What kind of short-term responses would be effective?
I think, alas, they mostly have to do with transportation security, mainly measures to tighten airport security. There will probably be stricter rules about access to the aircraft cockpit. Parenthetically, I wish that someone would explain how a suitcase checked at curbside is any less subject to scrutiny than one checked at the ticket counter.
The diplomatic initiatives that would help have much more to do with our friends than with our adversaries. We need to be sure that our allies, both in NATO and in the Arab world, are with us in any significant retaliation that we initiate. But, that said, I think the U.S. can be excused a single-minded concentration on discovering the identities of our attackers and then bringing them to punishment, if not to justice. It is something our allies will understand.
In the long-term, in the rethinking that will have to take place about the worst dangers facing this country, so-called solutions like missile defense will have to get a much harder look from the Congress than would have been the case just a week ago. We now know that a 767 packed with both fuel and passengers can wreak catastrophic damage.
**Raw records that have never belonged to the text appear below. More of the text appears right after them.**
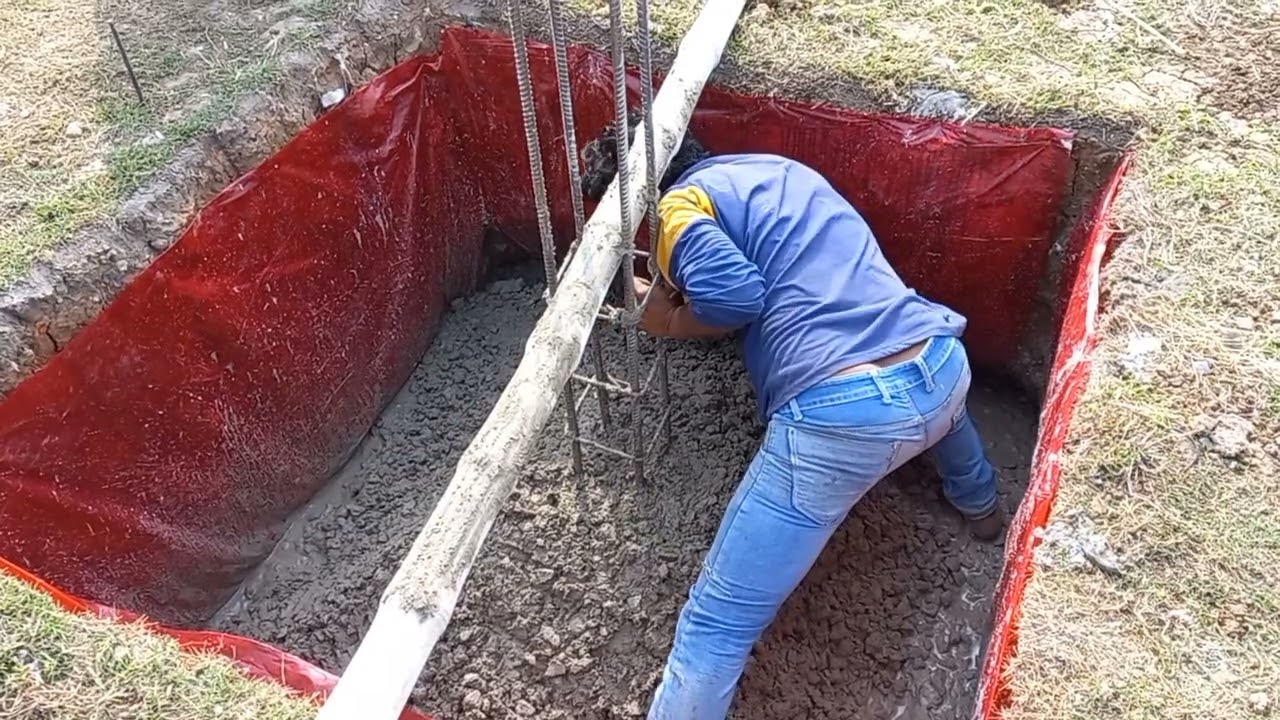 Isolated column footing casting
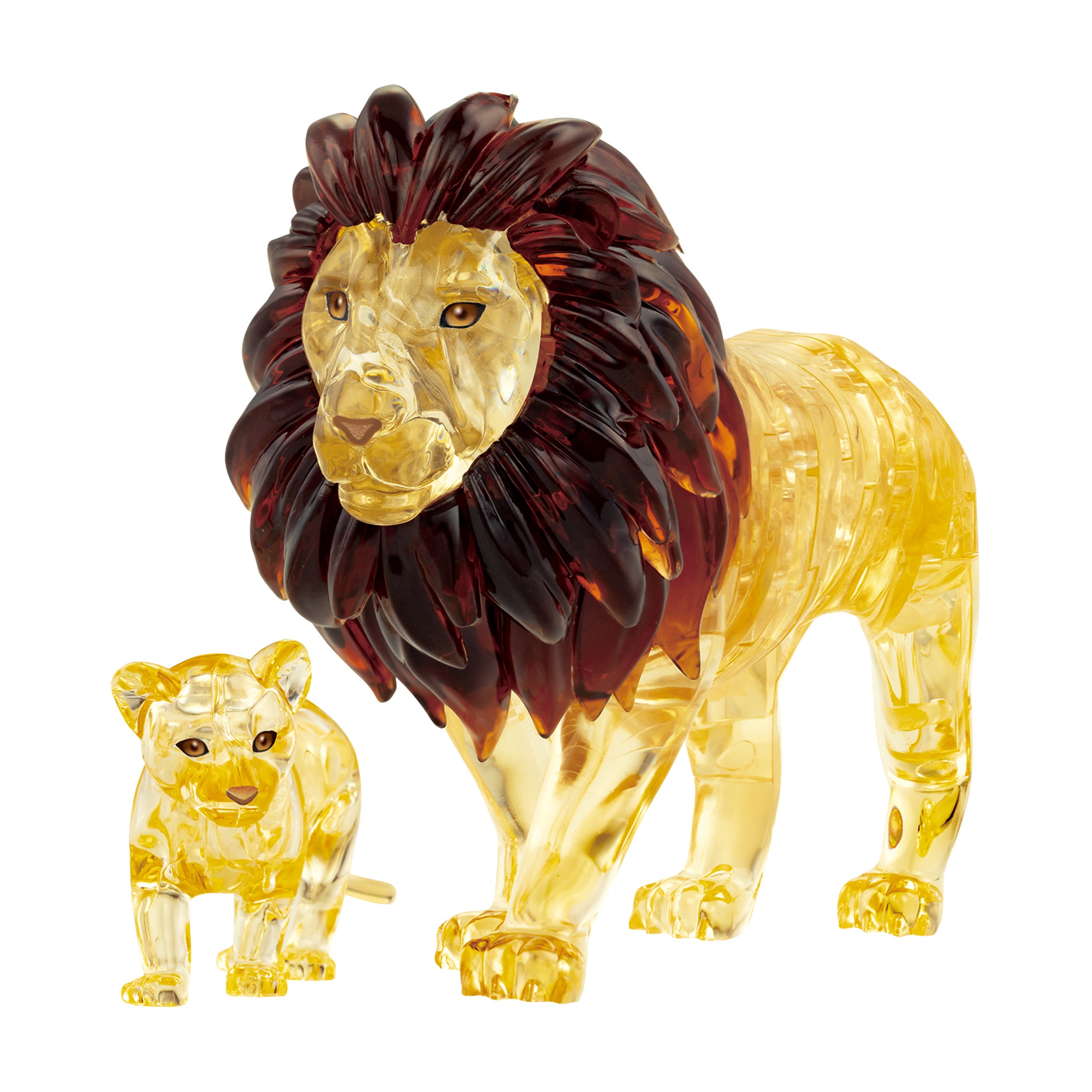 3D Crystal Puzzle - Lion and Baby (Gold) 55 Pieces - Fun Brain Teaser for Adults & Kids - Perfect for Family Game Night & Educational STEM Toys Gift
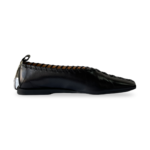 Jil Sander Ballet Shoes - Leather Ballerinas with Stitching Details and a Detachable Metal Ankle Bracelet - Image 6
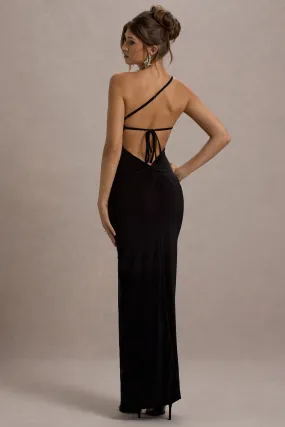 Dressing Up | Black One Shoulder Maxi Dress With Open Back Detail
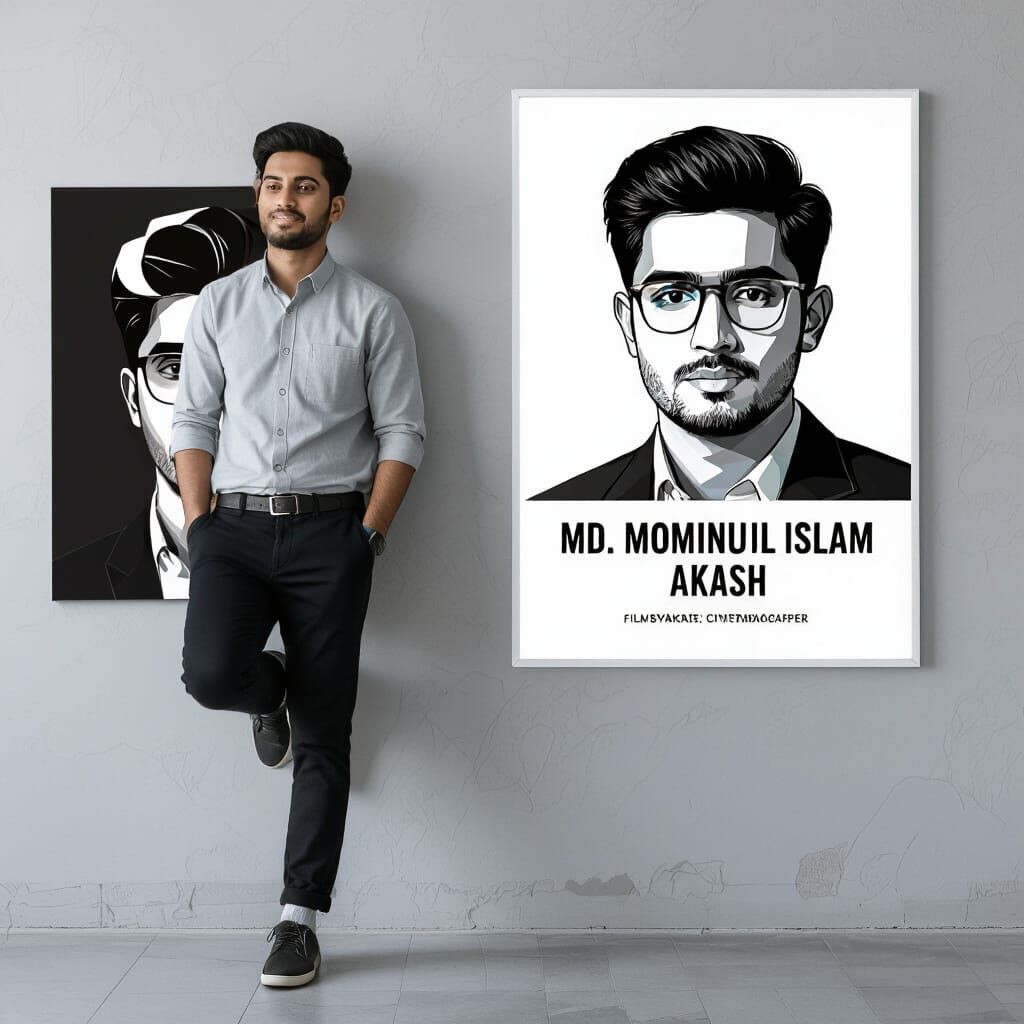 Young Man Posing Confidently by Vector Portrait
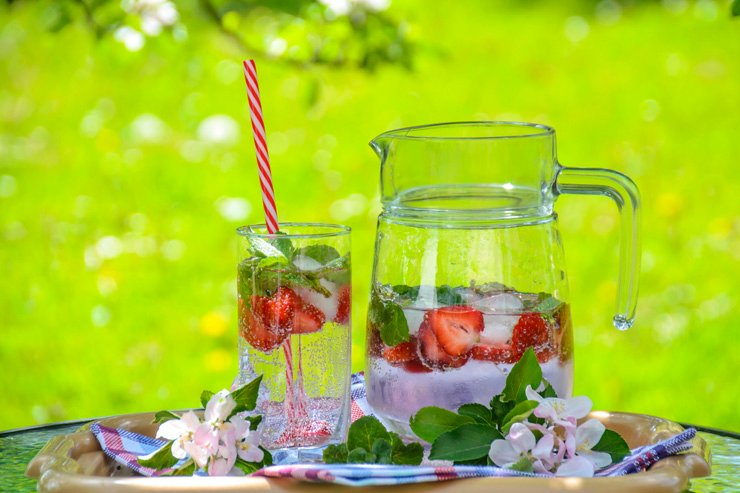 fruit fruits food healthy health diet mint strawberry fresh slice water detox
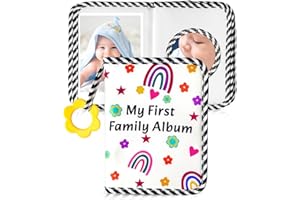 BOHEMIABY Bio-Baumwolle Baby Fotoalbum Stoff | mit Latex-Anhänger und Sicherheitsspiegel als Erinnerungsalbum | Unterbringen 10x15 cm Foto| Fotoalbum Junge Mädchen Baby Geschenk (Regenbogen)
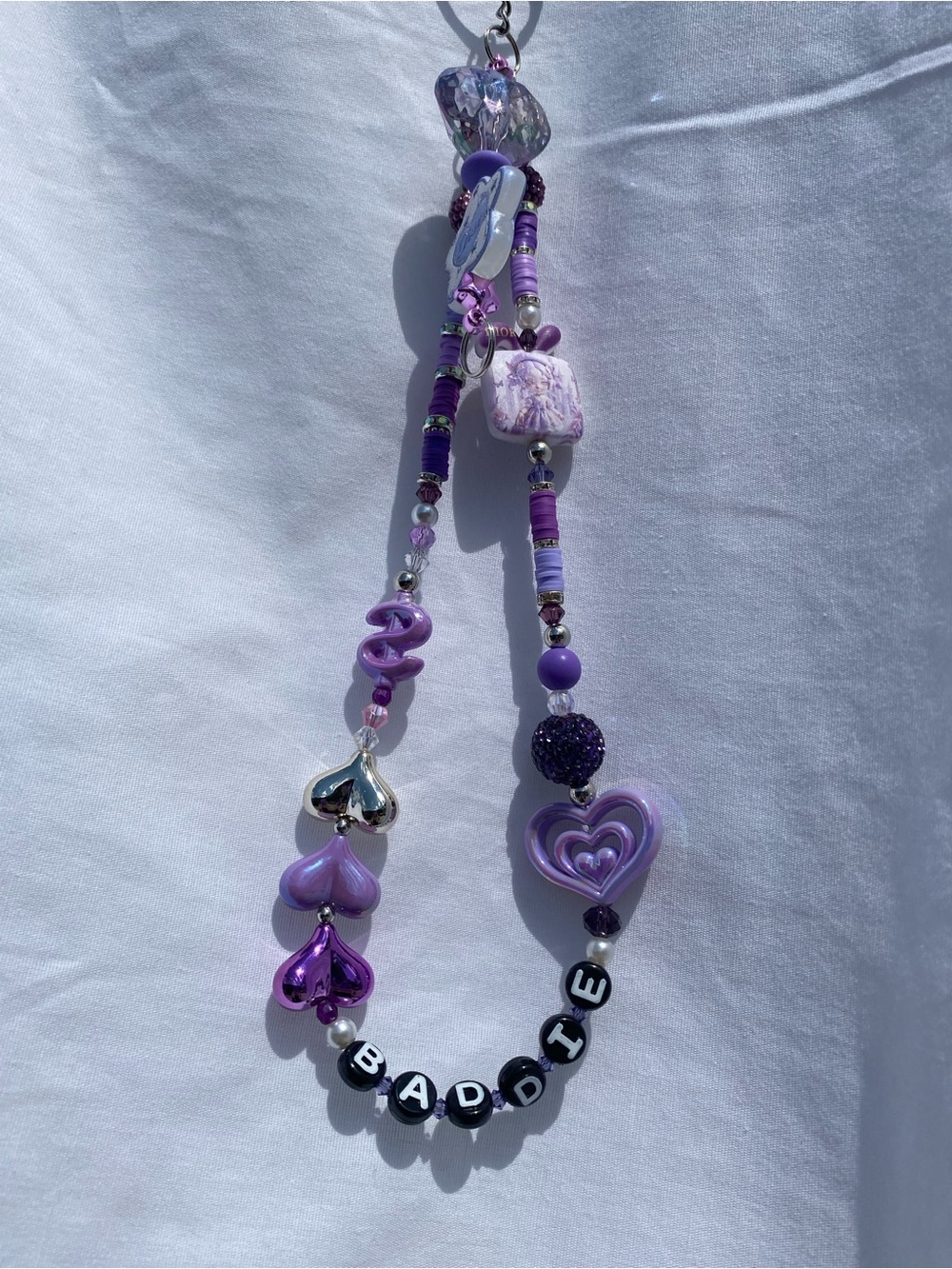 💜 Handmade Y2K Purple Beaded "Baddie" Keychain Bag Charm 💜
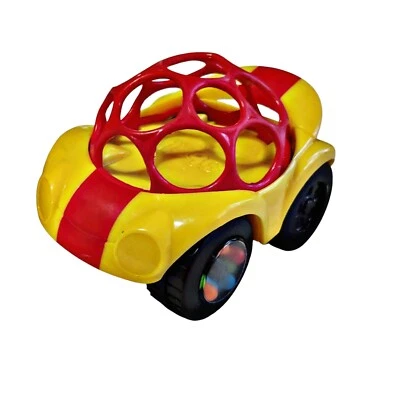 OBall Sonajero Fácil Agarre Rollo Coche de Carreras Bebé Juguete Amarillo Rojo Rayas de Carreras Niños II  Foto 1 de 4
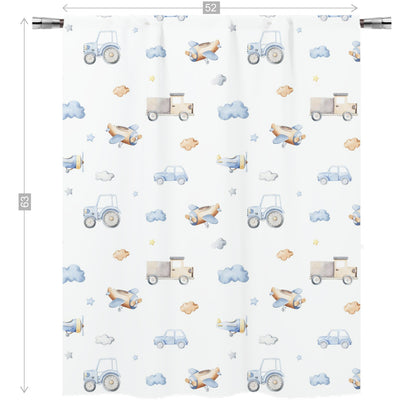 Transport Vehicles Curtain, Transportation Nursery Decor - Blue Transportation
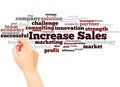 Increase Sales word cloud hand writingconcept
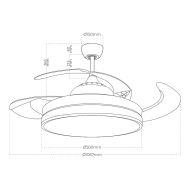 Stropný ventilátor so svetlom EDM 33827 Ross Biela 35 W 4100 Lm 2190 Lm Retraktilný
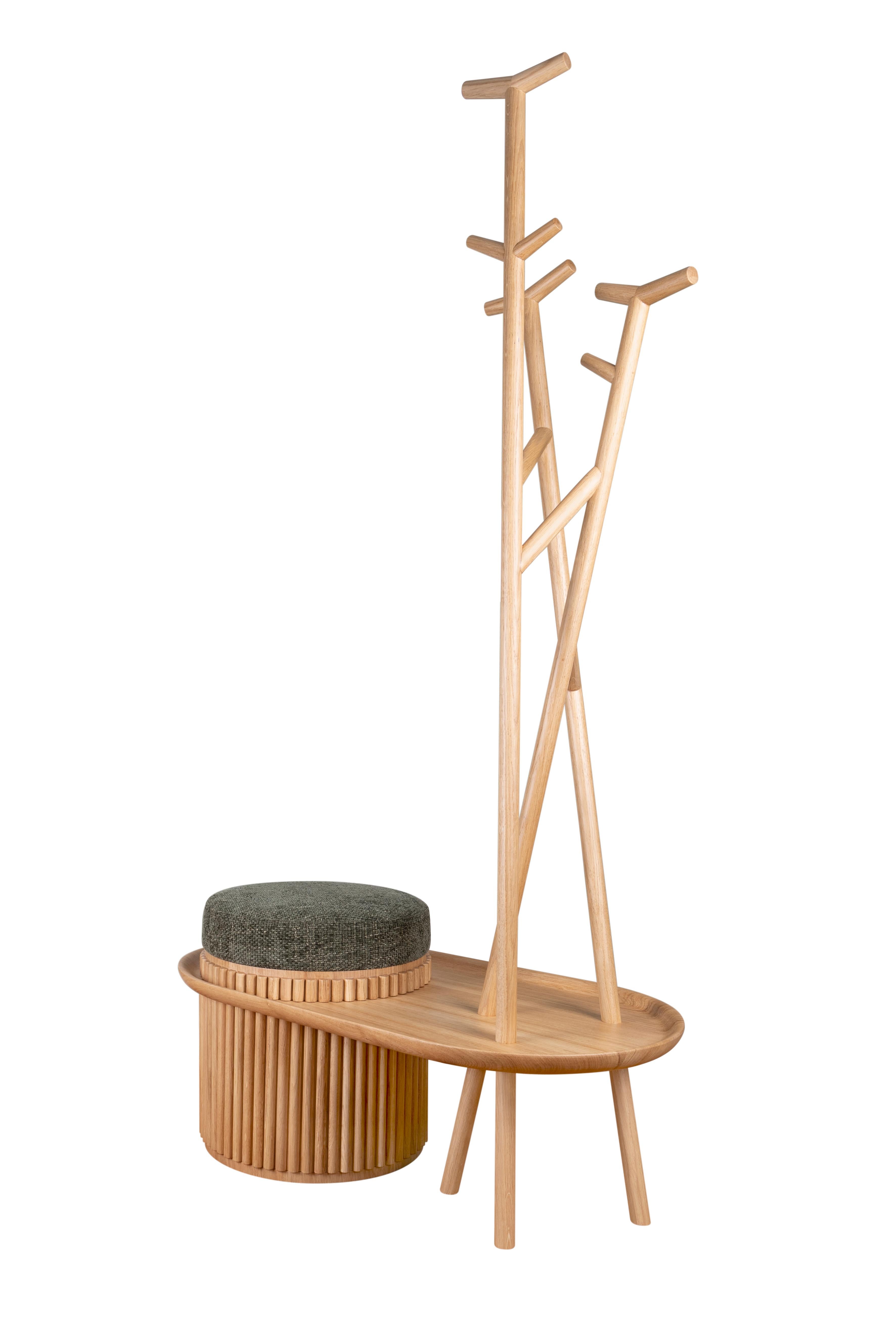 Contemporary 21st Century Barlow Coat Stand Leather Stool and Walnut Wood by Wood Tailors For Sale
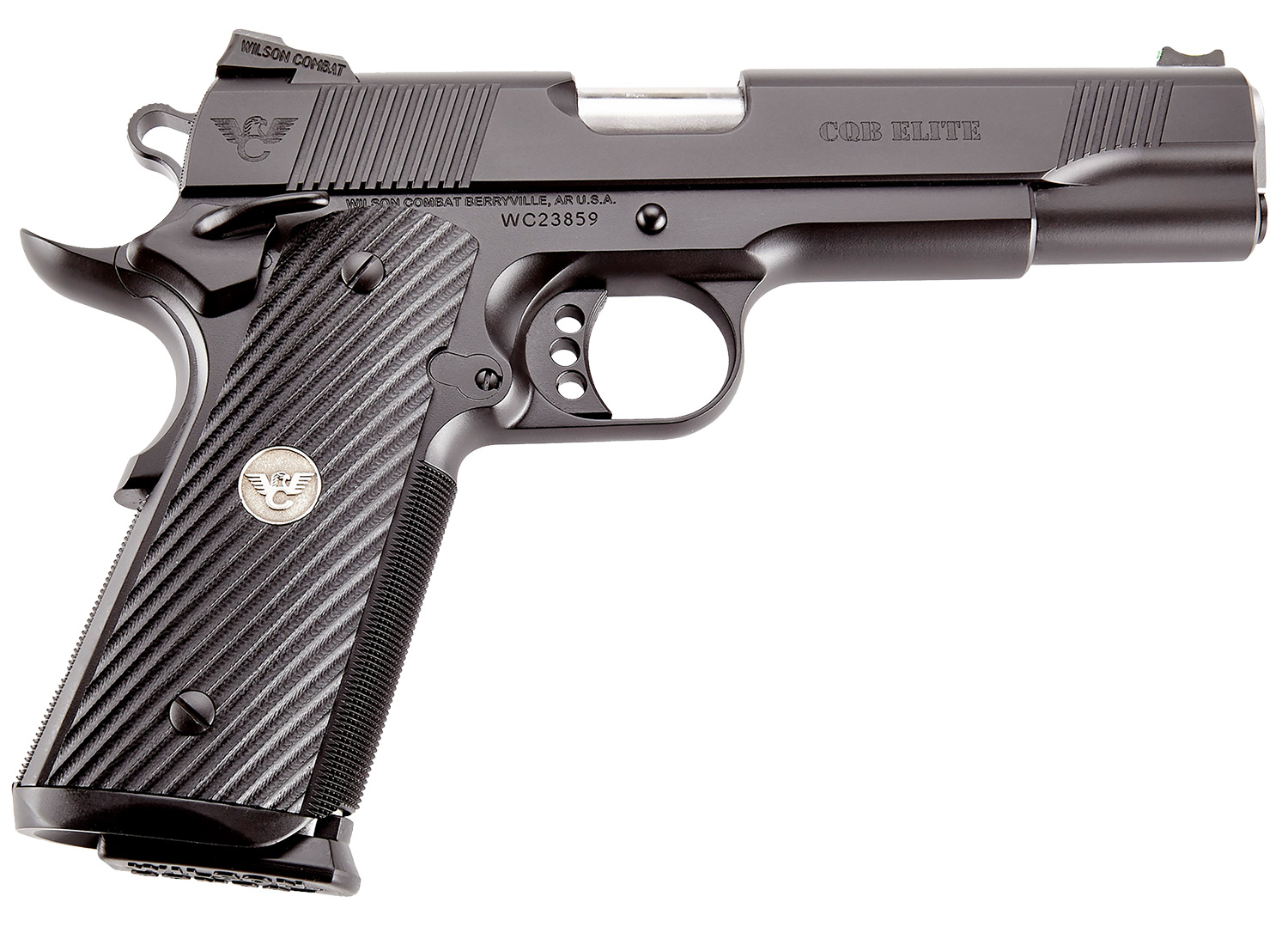 Wilson Combat CQBEFS45A CQB Elite 45 ACP 8+1 5" Stainless Match Grade Barrel, Black Serrated Carbon Steel Slide, Black Carbon Steel Frame w/Beavertail, Black G10 Starburst Grip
What kind of military action would be justifiable in your view?
If we can find the people who really are responsible, and not simply the apparatchiks who don't have real authority, if we can identify the right people, we should go after them in a devastating way. Ideally they should be seized and brought to the U.S. for trial as we have done in other instances, but if not, we should have no reservations about killing them after what they have done. I do think that the certainty that the U.S. will track down and execute the leaders of terrorist movements must have a significant deterring effect.
Now, what I wonder is whether in the past we have gotten the right people. I do not know whether the people we have tried for previous attacks are the real ringleaders. I suspect they are not. They are relatively high up in the organization, but not at the very top.
What other changes do you see for America and its relationship to the world?
I think the feeling of vulnerability will be very much at the forefront of people's consciousness.
We will have the actual ruins and perhaps the symbolic ruins in the form of a memorial for eternity to remind us of the perils of modern life. This could not have happened in the era before large jetliners and highly combustible fuel. It is part of the price we pay for modernity. The technologies of terror and violence which are now available and which have to be guarded against are part of the price we pay for all of the beneficial products of the technological revolution.
We will have failed if we conclude that we can buy physical protection only with circumscribing the liberties that we have always enjoyed. But we must also conclude that, in all sorts of ways, individuals who want to disrupt society, for whatever motives, can bring to bear much greater leverage than at any time in the past, which makes the law enforcement job of defending our citizens and our liberty much more difficult.